Antes de la fiebre NFT existían genealogías críticas de arte y tecnología: hacktivismo, software art, movimientos D.I.Y. y redes P2P de conocimiento abierto. Su sentido era subvertir, no patrimonializar. Planteaban una comunidad de códigos. El tokenizado presente borra ese legado y reescribe la historia reciente para legitimar su evangelio: “nada tuvo valor hasta que llegó la cadena de bloques”. Reivindico, pues, una arqueología de prácticas que desbordan la lógica de la propiedad: repositorios autogestionados, licencias Creative Commons, laboratorios comunes o bibliotecas P2P que comparten datasets, no dividendos. Ese horizonte, más cercano a las pedagogías críticas que a la banca de inversión, mantiene vivo el proyecto emancipador de la cultura digital.

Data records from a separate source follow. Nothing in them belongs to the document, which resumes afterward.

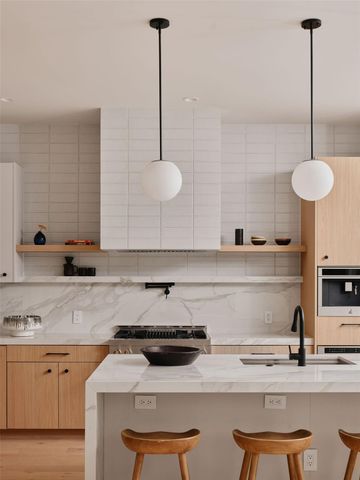 1213 Karen Ave 2, Austin, TX 78757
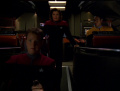 Janeway kommt Neelix im Delta Flyer zu Hilfe.jpg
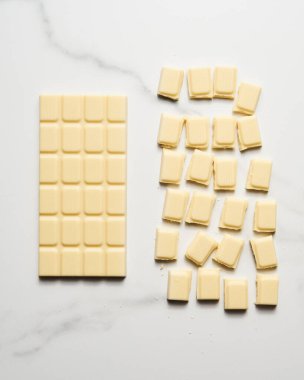 Beyaz mermer arka planda beyaz çikolata. - Evet. Yüksek kalite fotoğraf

El reto de nuestra época no es dotar al arte de certificados criptográficos, sino preservar su capacidad de imaginar otras formas de vida, desbloqueadas, libres y sobre todo, comunes.

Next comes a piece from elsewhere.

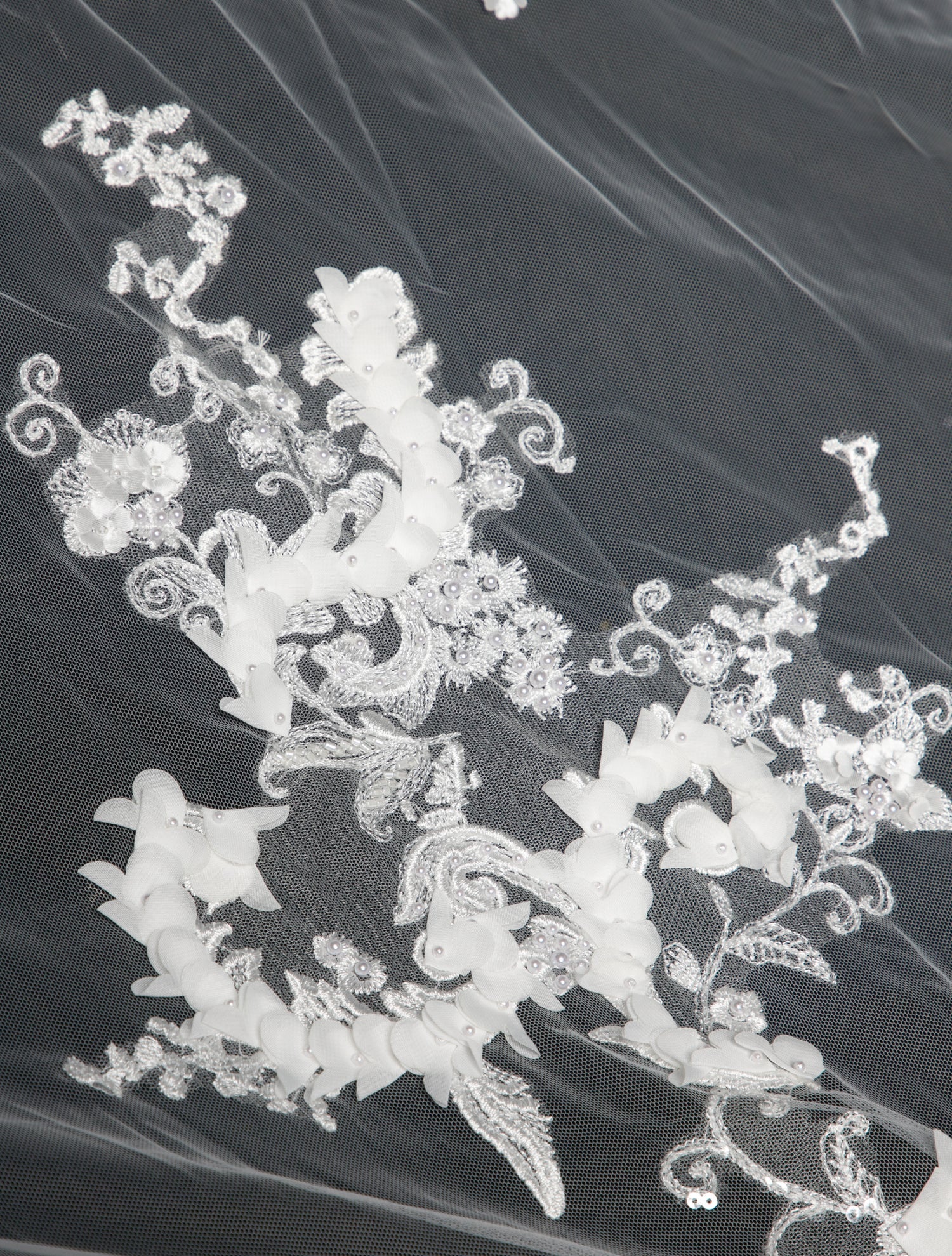 Saiid Kobeisy white mesh veil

Desenchufar la blockchain del imaginario artístico no significa repudiar toda tecnología. Significa, más bien, recuperar la capacidad de imaginar infraestructuras distintas: redes basadas en la confianza, no en la criptografía del miedo; economías de la abundancia, no de la escasez simulada; archivos vivos, no bóvedas tokenizadas. Significa reconquistar la dimensión política del arte digital, su potencial de interpelar al presente, de cuestionar quién controla los protocolos que ordenan nuestra atención, nuestros cuerpos y nuestras emociones. La técnica seguirá reconfigurando la esfera estética; la cuestión es bajo qué ética y para quién. Si la blockchain solo nos ofrece nuevas cadenas de algoritmos, invisibles, vendidas como libertad, quizá sea hora de buscar otras arquitecturas. Hay más mundo que mercado, más comunidad que token y, sobre todo, más futuro que el que la especulación financiera está dispuesta a registrar en su ledger.
La crítica cultural no puede limitarse a denunciar la huella energética ni la burbuja económica; debe señalar la captura del deseo creativo por parte de narrativas corporativas que convierten la promesa de descentralización en negocio centralizado. Allí donde tantos ven un nuevo Renacimiento digital, yo observo una cadena de humo: brilla, pero se desvanece. El reto de nuestra época no es dotar al arte de certificados criptográficos, sino preservar su capacidad de imaginar otras formas de vida, desbloqueadas, libres y sobre todo, comunes.